DTC Era   /   September 2, 2020

How Recess is trying to rethink virtual pop-ups

Almost six months into the pandemic, brands are looking for new ways to execute virtual events. After all, there are only so many Instagram Live or Zoom meetups a brand can do before engagement fatigue sets in. This phenomenon has also upended an important aspect of brand building for digitally-native brands: the popup event.

Building a beverage brand, in particular, without physical tastings can be challenging without a way to introduce new customers to the taste profile. This week, CBD-infused sparkling water Recess is experimenting with new virtual formats as it continues expanding across the country.  

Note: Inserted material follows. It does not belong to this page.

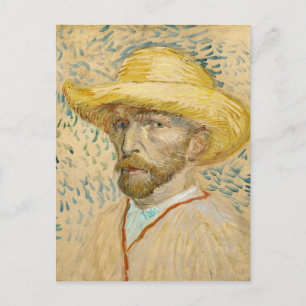 Postal Autoretrato con el Gorra de paja Van Gogh Bella Ar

When the coronavirus arrived, the company had to pull back planned physical experiences, including collaborations with other brands, said founder Ben Witte. Enter: the limited time virtual popup, called Press Play to Pause Your Thoughts, which consisted of a cloud-popping mobile game via a partnerships with the digital radio station Poolside.fm.

While it’s aimed at existing fans of the brand, the promotions is also meant to generate awareness via social media and word of mouth while physical events are on hold. It uses the QR codes on Recess cans that drinkers scan, which then take them to the site to play the game and win exclusive merchandise, or “Realitywear,” such as shirts or hats. The promotion also links to Recess’s merchandise marketplace, which it launched last June

Witte described it as “marketing that makes money;” it’s meant to engage existing customers while using merchandise sales to subsidize additional collaborations down the line.

These digital programs are a new way for Recess to introduce itself to new markets. Having launched in a number of new markets recently, including Austin and Dallas, Texas, these pop ups are to expand Recess’ social following and create buzz ahead of each regional debut. The company is also currently preparing to roll out in the Pacific Northwest and Los Angeles, and recently launched a B-to-B portal for markets that don’t have a Recess distributor yet. Meanwhile Recess’ subscription service, which launched in May, accounts for over 40% of sales right now.

“We’ll be in most markets in the country by the end of 2021,” said Witte, so the digital events are an attempt at replicating activations in Recess’ home New York market that’s been going on the past two years. 

Witte sees merchandise sales as a way to keep the project afloat. “The revenue from the Poolside.fm collaboration is meant to then subsidize future popups, and so forth,” he said. The incentive is for top users to win gear. Meanwhile, it also acts as a traffic driver to the recently-launched online shop of clothing and accessories.

“Any startup beverage company, including a CBD beverage brand like Recess, needs to understand who their market is and figure out how they will differentiate themselves,” said Michelle Sundquist, director of innovation product design at SoRSE Technology. This is especially true during the national expansion phase in which saturation is already building, explained Sundquist, who also headed the launch of Starbucks’ Nitro Cold Brew.

Without the ability to reach consumers via in-store tastings, discoverability in person becomes harder. However, Sundquist said that one advantage a startup has is the ability to be flexible to blend virtual pop ups with the returning in real life events, she said. “That’s something that large companies have a harder time doing, as they’re usually focused on providing a consistent experience so as not to lose their current customers.” 

When beverage brands like Red Bull did physical popups, it consisted of ambassadors driving around cities in branded cars and giving out free Red Bull cans to passersby. However, while this type of gorilla marketing was effective before social media, the associated expenses to draw buzz are no longer necessary, said Witte.

Now, brands can start creating awareness on people’s phones before they walk into the store. And it doesn’t take an expensive physical pop up in a major city, Witte explained. The current game, for example, is yet another way to entice them to buy the can for the QR code. “Building a beverage brand at a large scale that competes with big CPG requires this kind of revenue diversification.”